Clean Up and Clean Out
Ah, the beginning of a new school year! New books, a new schedule, fresh enthusiasm, new resolve, and clean closets! Clean closets? Is that a requirement? Well, not exactly a requirement, but the best advice I received when, years ago, we began to homeschool was the advice that a friend laughingly gave in reply to my question, "Where do we start?" She humorously said, "I don't know for sure, but I think we should clean our closets!"
Unknowingly she had struck right to the core. Chaos breeds chaos, and it is hard to feel successful in your home education endeavor when your home is a wreck. Now is the time to deal with issues in your home before the ink on the first lesson plan is dry and the first child complains about the math lesson.
Establish a Simple Routine
Establish a simple routine for the basics. Somehow, we always believe that we will get the necessary things like laundry, dishes, and mopped floors done if we just fit them in. If you have home taught for longer than one year, you have already discovered that isn't true. Do the basics first and on a regular routine. Definition of regular: as often as possible on the same day at the same time of day.

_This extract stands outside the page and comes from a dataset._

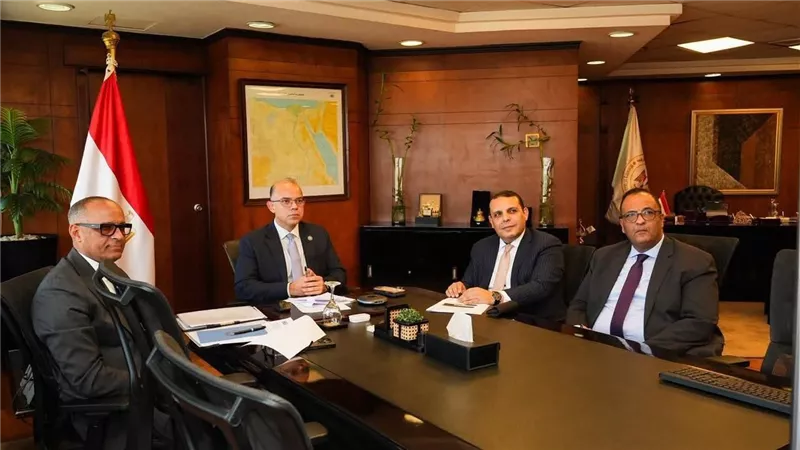 وزير الاستثمار يبحث مع نظيرته الصربية تعزيز التعاون الاقتصادي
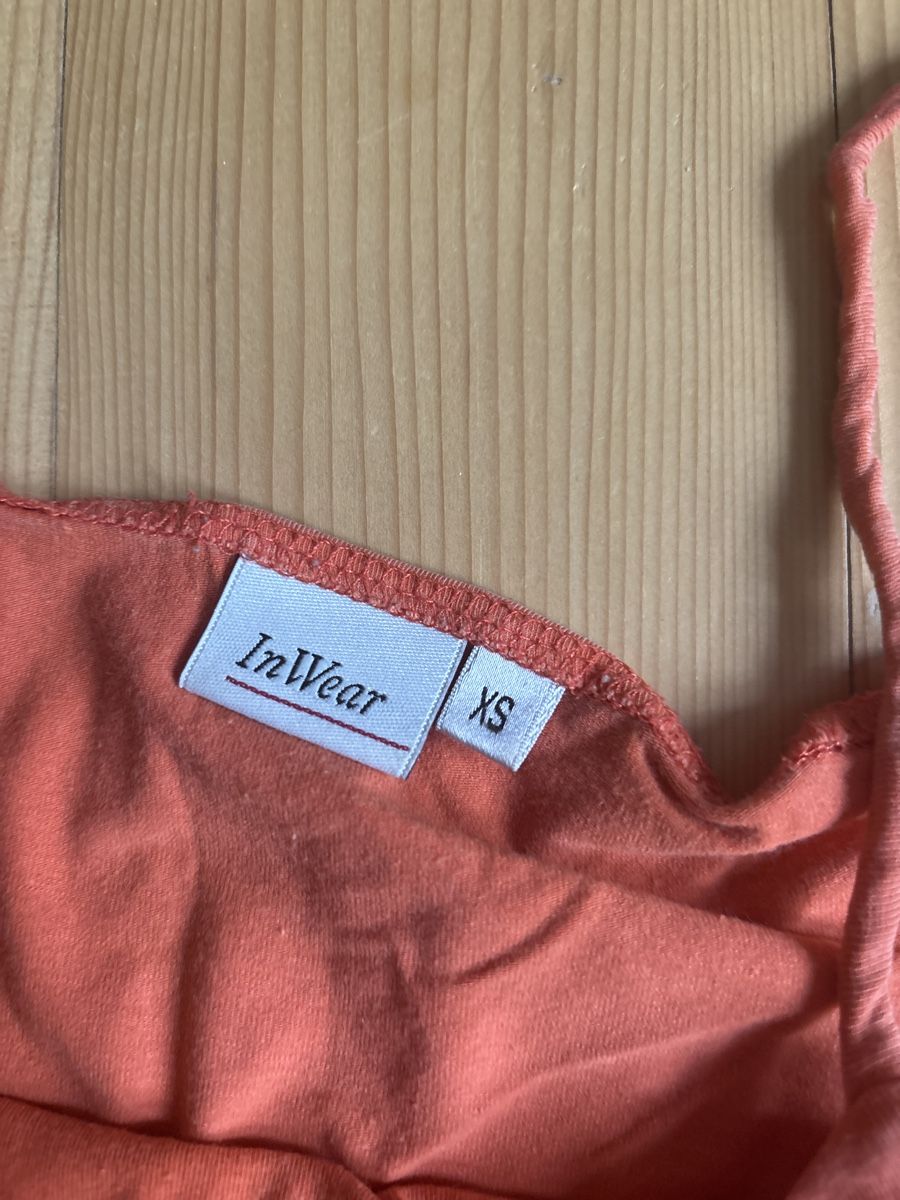 Top: Oranges Crop Top – Usato da Bern venduto da ser_6vm5 1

I'm not speaking of running a boot camp in your family, just a routine that keeps things running reasonably well. I hear some of you "creative types" saying, "I don't do well on a routine. I like to go with the flow." That's fine for everything but the basics. Flexibility is a virtue, but if you don't do the basics, the flow becomes overflow! You can improvise and change the school lessons, but you only have time for all those creative things you love to do if you aren't drowning in laundry or feeding the dog by letting him clean your floor for you.
Evaluate Areas of Struggle
If you struggle in this area and this isn't the first year you have home taught, sit down with paper and pen to reevaluate your past year. What was your biggest struggle? What thing was a continual frustration? If this fall will be your first year to home teach, just think of the areas in your home that are a challenge to you now. They will only get worse when adding home teaching. Begin there.
If your struggle is the laundry, decide now on a system for the coming year to get the laundry done. What time (not minute or hour, but time of day) and what day or days will you do it? Are the children old enough to help sort, fold, or even wash their own clothes? Will you do one load every day or incorporate one washday per week? Will you begin in the morning by putting a load on between breakfast, the morning chores, and school lessons so you do all loads by lunch? Will you (and the children) fold clothes after lunch or get it done before you prepare lunch? Will you direct an older child that you have trained well to help a younger child do their laundry together so the younger child is learning how to do it? The combinations are endless, and you know what will work best in your family, but the important thing is setting a specific routine and sticking to it. You can always change the method if it doesn't seem to be working well. The goal is for the clothes to end up in the drawers and closets rather than being stuck in the washing machine, the dryer, or in the laundry basket for days.
Is your frustration the school supplies that are scattered all over the house-never available when you needed them? Buy containers and choose a storage place for all school supplies. Designate a plastic dishpan or other container for each child (different colors or their names on each one), and ask them to keep all of their own supplies in their container. Yes, you'll have to ask them more than once, but you are training, remember? Be conscious of your own poor habit of not putting things away when you are finished with them, and ask the Lord to help you be a good example to your children.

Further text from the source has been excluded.